Update the Relation cache

New in 0.15.0

The ability to synchronize the Relation cache is new in dbt v0.15.0

Materializations should return the list of Relations that they have created at the end of execution. dbt will use this list of Relations to update the relation cache in order to reduce the number of queries executed against the database's information_schema. If a list of Relations is not returned, then dbt will raise a Deprecation Warning and infer the created relation from the model's configured database, schema, and alias.

macros/my_view_materialization.sql
{%- materialization my_view, default -%}
{%- set target_relation = api.Relation.create(
identifier=identifier, schema=schema, database=database,
type='view') -%}
-- ... setup database ...
-- ... run pre-hooks...
-- build model
{% call statement('main') -%}
{{ create_view_as(target_relation, sql) }}
{%- endcall %}
-- ... run post-hooks ...
-- ... clean up the database...
-- Return the relations created in this materialization
{{ return({'relations': [target_relation]}) }}
{%- endmaterialization -%}

If a materialization solely creates a single relation, then returning that relation at the end of the materialization is sufficient to synchronize the dbt Relation cache. If the materialization renames or drops Relations other than the relation returned by the materialization, then additional work is required to keep the cache in sync with the database.

To explicitly remove a relation from the cache, use adapter.drop_relation. To explicitly rename a relation in the cache, use adapter.rename_relation. Calling these methods is preferable to executing the corresponding SQL directly, as they will mutate the cache as required. If you do need to execute the SQL to drop or rename relations directly, use the adapter.cache_dropped and adapter.cache_renamed methods to synchronize the cache.

Materialization Configuration

Materializations support custom configuration. You might be familiar with some of these configs from materializations like unique_key in incremental models or strategy in snapshots .

Specifying configuration options

Materialization configurations can either be "optional" or "required". If a user fails to provide required configurations, then dbt will raise a compilation error. You can define these configuration options with the config.get and config.require functions.

# optional
config.get('optional_config_name', default="the default")
# required
config.require('required_conifg_name')

For more information on materialization configuration, see the config reference.

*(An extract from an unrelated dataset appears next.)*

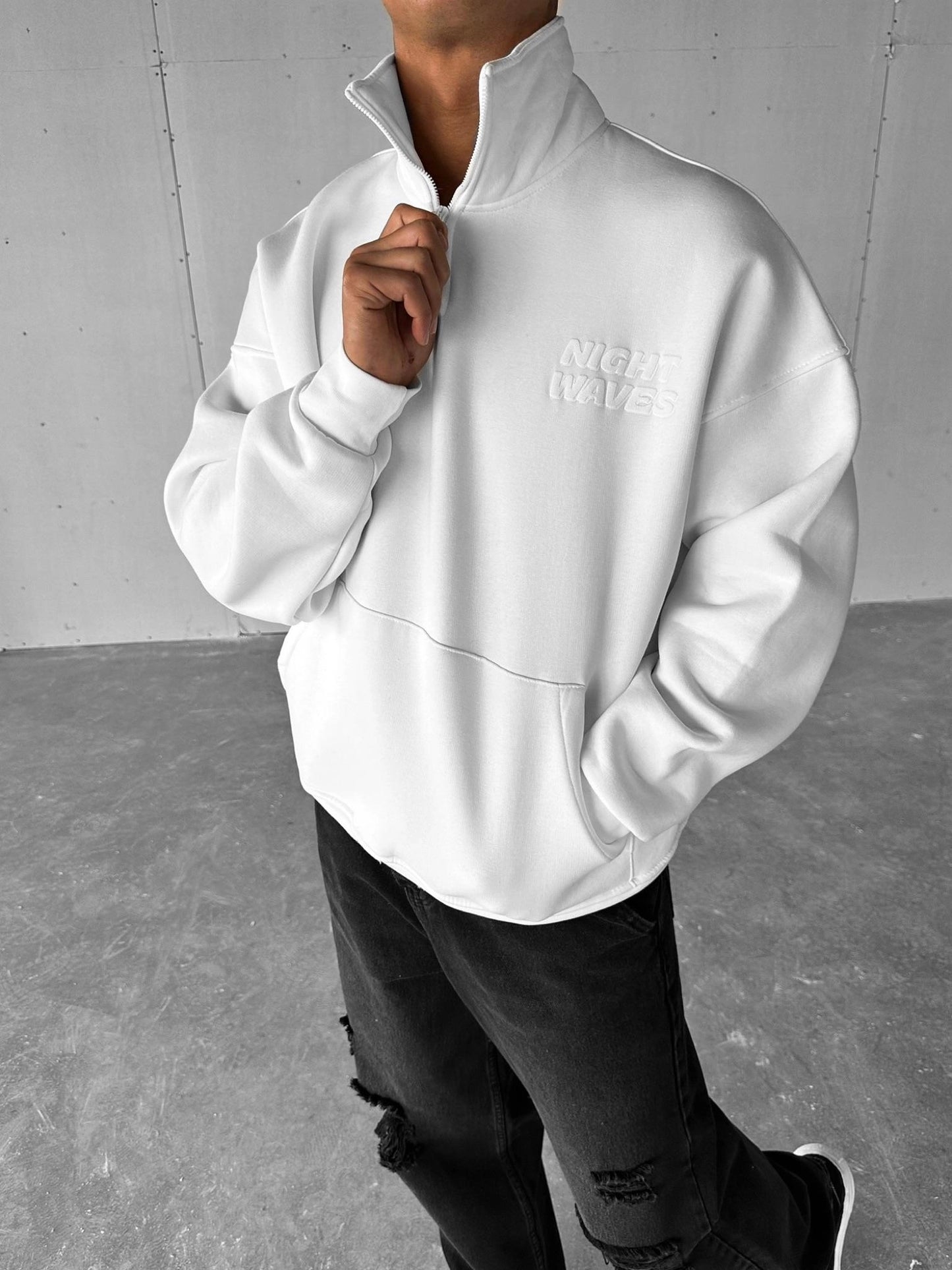 WHITE NIGHT WAVES SWEATSHIRT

Materialization precedence

New in 0.15.1

The materialization resolution order was poorly defined in versions of dbt prior to 0.15.1. Please use this guide for versions of dbt greater than or equal to 0.15.1.

dbt will pick the materialization macro in the following order (lower takes priority):

  1. global project - default
  2. global project - plugin specific
  3. imported package - default
  4. imported package - plugin specific
  5. local project - default
  6. local project - plugin specific

In each of the stated search spaces, a materialization can only be defined once. Two different imported packages may not supply the same materialization - an error will be raised.

Specific materializations can be selected by using the dot-notation when selecting a materialization from the context.

We recommend not overriding materialization names directly, and instead using a prefix or suffix to denote that the materialization changes the behavior of the default implementation (eg. my_project_incremental).